===== Record excerpts =====
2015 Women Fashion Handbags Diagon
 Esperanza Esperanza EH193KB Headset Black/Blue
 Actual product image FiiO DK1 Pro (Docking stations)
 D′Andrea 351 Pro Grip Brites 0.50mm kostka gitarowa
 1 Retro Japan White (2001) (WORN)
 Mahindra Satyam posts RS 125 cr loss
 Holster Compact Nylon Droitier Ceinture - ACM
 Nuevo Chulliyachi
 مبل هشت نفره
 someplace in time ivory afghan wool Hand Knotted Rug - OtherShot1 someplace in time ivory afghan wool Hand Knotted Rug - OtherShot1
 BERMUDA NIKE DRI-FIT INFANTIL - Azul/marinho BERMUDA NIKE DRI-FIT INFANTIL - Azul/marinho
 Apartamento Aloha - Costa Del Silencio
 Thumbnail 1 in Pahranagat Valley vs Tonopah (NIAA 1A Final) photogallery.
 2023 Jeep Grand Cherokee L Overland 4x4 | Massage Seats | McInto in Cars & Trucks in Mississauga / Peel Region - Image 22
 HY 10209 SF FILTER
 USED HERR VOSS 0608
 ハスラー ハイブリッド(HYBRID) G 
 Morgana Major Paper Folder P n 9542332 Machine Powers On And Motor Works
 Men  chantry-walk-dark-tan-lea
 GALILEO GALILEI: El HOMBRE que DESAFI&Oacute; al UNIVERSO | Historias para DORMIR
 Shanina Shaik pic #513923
=====
:: Try it ::
Nothing above should be left out; write out every record exactly.

:: Exercise response ::
2015 Women Fashion Handbags Diagon
 Esperanza Esperanza EH193KB Headset Black/Blue
 Actual product image FiiO DK1 Pro (Docking stations)
 D′Andrea 351 Pro Grip Brites 0.50mm kostka gitarowa
 1 Retro Japan White (2001) (WORN)
 Mahindra Satyam posts RS 125 cr loss
 Holster Compact Nylon Droitier Ceinture - ACM
 Nuevo Chulliyachi
 مبل هشت نفره
 someplace in time ivory afghan wool Hand Knotted Rug - OtherShot1 someplace in time ivory afghan wool Hand Knotted Rug - OtherShot1
 BERMUDA NIKE DRI-FIT INFANTIL - Azul/marinho BERMUDA NIKE DRI-FIT INFANTIL - Azul/marinho
 Apartamento Aloha - Costa Del Silencio
 Thumbnail 1 in Pahranagat Valley vs Tonopah (NIAA 1A Final) photogallery.
 2023 Jeep Grand Cherokee L Overland 4x4 | Massage Seats | McInto in Cars & Trucks in Mississauga / Peel Region - Image 22
 HY 10209 SF FILTER
 USED HERR VOSS 0608
 ハスラー ハイブリッド(HYBRID) G 
 Morgana Major Paper Folder P n 9542332 Machine Powers On And Motor Works
 Men  chantry-walk-dark-tan-lea
 GALILEO GALILEI: El HOMBRE que DESAFI&Oacute; al UNIVERSO | Historias para DORMIR
 Shanina Shaik pic #513923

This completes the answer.